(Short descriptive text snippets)
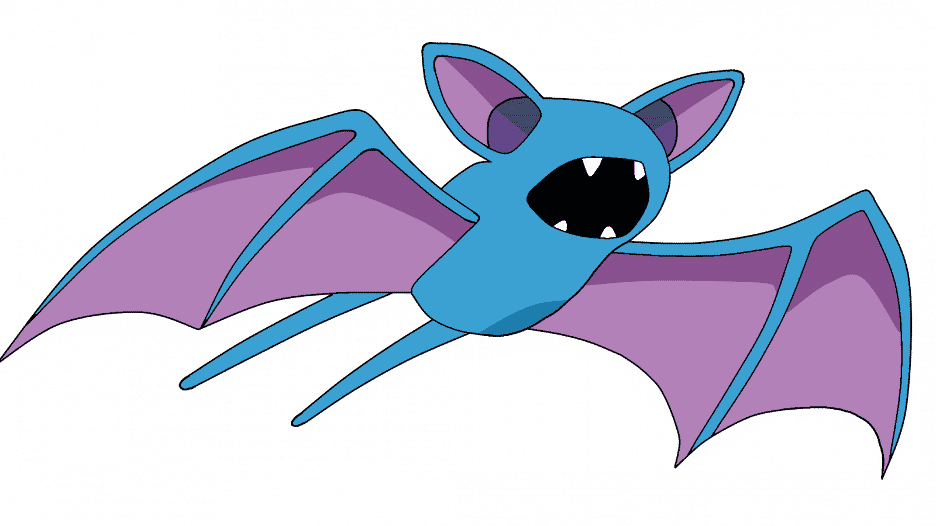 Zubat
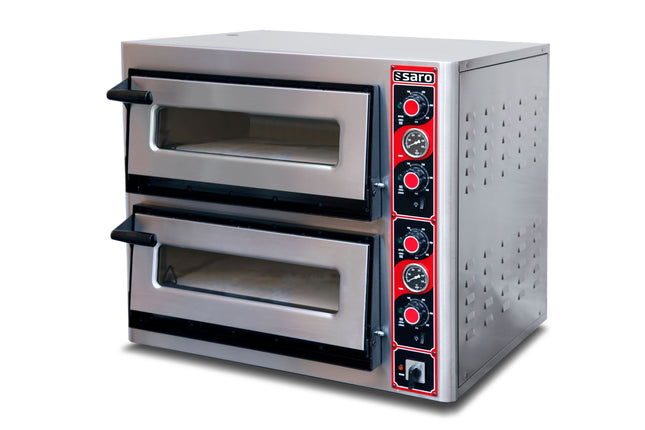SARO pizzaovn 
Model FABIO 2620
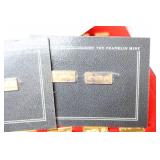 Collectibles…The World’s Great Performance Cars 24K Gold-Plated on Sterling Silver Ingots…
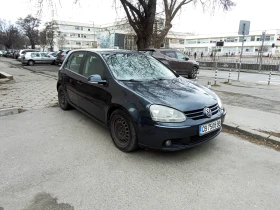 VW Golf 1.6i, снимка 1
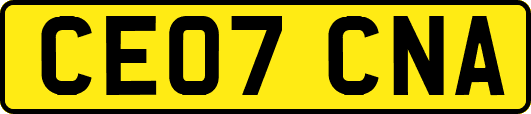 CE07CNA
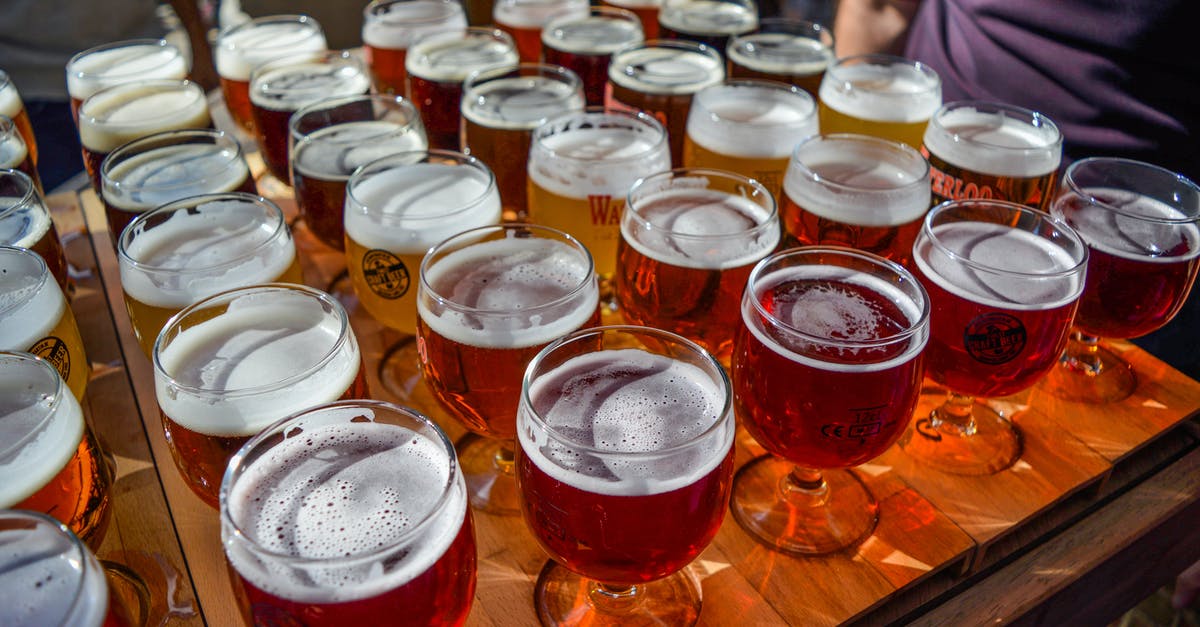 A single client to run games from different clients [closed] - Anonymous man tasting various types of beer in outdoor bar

▶ WHAT YOU NEED TO DO:
Every record above should reappear exactly, with the pictures gone.

▶ REPLY TO THE EXERCISE:
 Zubat
SARO pizzaovn 
Model FABIO 2620
 Collectibles…The World’s Great Performance Cars 24K Gold-Plated on Sterling Silver Ingots…
 VW Golf 1.6i, снимка 1
 CE07CNA
 A single client to run games from different clients [closed] - Anonymous man tasting various types of beer in outdoor bar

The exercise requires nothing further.